I have a hard time with comparing myself to others. Surprise. I am not as confident as people may think, and I get jealous quite a bit... and the occasional "why her and not me" tend to slip into my mind and sometimes when I have a moment of verbal vomit.
It isn't pretty. It isn't helpful. Bah. That is how I feel about it.
But in all honesty, it is a problem.
I am pretty awesome, in most cases. I have my moments of true bitchiness - and when I do I am really really good at it. But I do have awesome parts of me.
So why can't I just accept that... why do I have to take it to that level and throw all my focus on something I can't control? It takes so much energy, so much work and so much time to worry about it, when I can take that time a focus on what I can control, what I can do, what I can make better...
I am 28 and still need advice like a 5 year old... gah ... and I thought I had matured?!?!?!
So now, coming to this realization... I am going to try and be better, and focus on me, and be happy being who I am. I don't promise any spectacular turnarounds but even if I can shake off a tiny bit of this ugliness maybe my life will get a little prettier ...
Speaking of prettier....
I have almost finished a project!!! Gasp. I know.
Could it be?!!?!! (I bet I am freaking you out right now - reading your mind and all)...
YES!!!! The dinner table aka. kitchen table aka. the project I started almost 2 years ago!!!

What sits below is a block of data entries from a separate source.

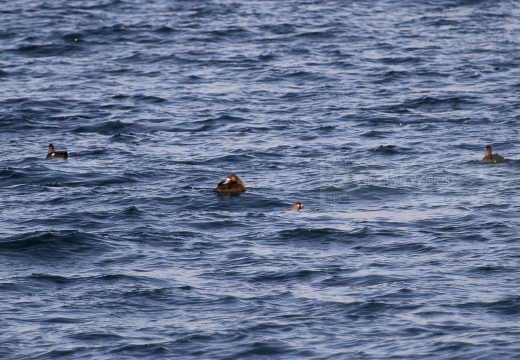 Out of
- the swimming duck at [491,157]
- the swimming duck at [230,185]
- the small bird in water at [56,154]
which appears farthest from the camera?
the small bird in water at [56,154]

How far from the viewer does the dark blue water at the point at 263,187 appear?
14000 millimetres

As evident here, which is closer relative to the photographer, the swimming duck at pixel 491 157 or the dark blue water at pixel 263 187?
the dark blue water at pixel 263 187

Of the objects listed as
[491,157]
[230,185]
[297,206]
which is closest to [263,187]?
[230,185]

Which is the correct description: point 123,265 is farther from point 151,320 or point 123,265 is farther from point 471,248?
point 471,248

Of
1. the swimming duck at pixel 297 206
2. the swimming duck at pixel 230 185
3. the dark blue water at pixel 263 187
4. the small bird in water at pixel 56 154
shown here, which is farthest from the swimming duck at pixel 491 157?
the small bird in water at pixel 56 154

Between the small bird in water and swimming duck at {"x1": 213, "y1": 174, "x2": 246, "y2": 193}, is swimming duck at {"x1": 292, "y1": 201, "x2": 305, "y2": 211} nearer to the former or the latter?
swimming duck at {"x1": 213, "y1": 174, "x2": 246, "y2": 193}

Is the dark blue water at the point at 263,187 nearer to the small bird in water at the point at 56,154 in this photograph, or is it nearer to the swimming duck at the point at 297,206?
the small bird in water at the point at 56,154

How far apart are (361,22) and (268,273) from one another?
2475 centimetres

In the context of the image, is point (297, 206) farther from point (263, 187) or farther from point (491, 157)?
point (491, 157)

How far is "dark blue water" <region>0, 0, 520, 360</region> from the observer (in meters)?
14.0

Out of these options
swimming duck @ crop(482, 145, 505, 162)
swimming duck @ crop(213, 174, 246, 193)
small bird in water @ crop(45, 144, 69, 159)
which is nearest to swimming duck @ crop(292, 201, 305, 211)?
swimming duck @ crop(213, 174, 246, 193)

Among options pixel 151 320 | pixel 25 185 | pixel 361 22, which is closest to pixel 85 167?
pixel 25 185

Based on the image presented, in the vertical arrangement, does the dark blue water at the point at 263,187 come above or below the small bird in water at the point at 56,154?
below

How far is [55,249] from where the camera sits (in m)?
17.4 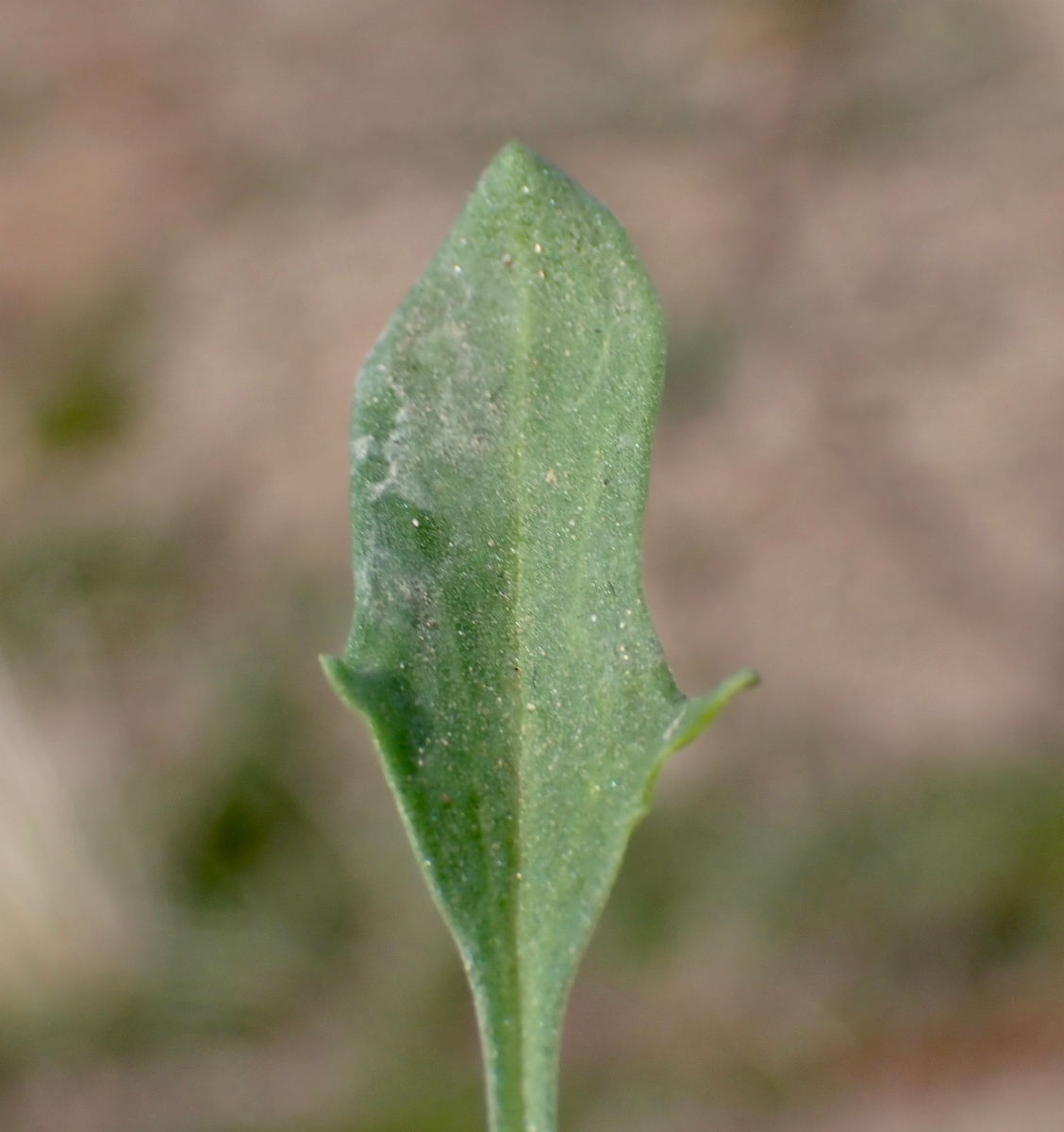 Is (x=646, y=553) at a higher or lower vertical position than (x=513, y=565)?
higher

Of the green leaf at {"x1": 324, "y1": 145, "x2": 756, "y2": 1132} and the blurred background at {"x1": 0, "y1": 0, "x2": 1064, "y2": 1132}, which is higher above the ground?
the blurred background at {"x1": 0, "y1": 0, "x2": 1064, "y2": 1132}

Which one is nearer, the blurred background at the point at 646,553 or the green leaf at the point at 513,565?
the green leaf at the point at 513,565

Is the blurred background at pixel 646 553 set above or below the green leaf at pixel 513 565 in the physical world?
above

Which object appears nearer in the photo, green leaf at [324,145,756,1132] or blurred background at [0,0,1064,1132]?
green leaf at [324,145,756,1132]

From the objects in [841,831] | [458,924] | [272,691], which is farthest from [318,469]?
[458,924]

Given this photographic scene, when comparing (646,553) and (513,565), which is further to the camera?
(646,553)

It has 3 coats of primer on it covered by two coats of "Jackson Yellow" and is now drying in my disaster of a basement as we speak. Tomorrow will come another sand down, and probably one more coat of Jackson Yellow ... and we shall see when I get brave enough to polyurethane it so it can last a 3 year old and a 6 month old!!!
Almost done and once done there will be pictures galore!!! I am so excited.
Bryan wasn't feeling the yellow at first, but he wasn't really feeling any of the pain chips I brought home (i love paint chips like an addict)... but now he is starting to feel it... starting to jive with the color and I almost want to say he is excited for it!!!!
I do believe Jackson Yellow is brightening up my life!
Hope to post some pictures soon! G-night!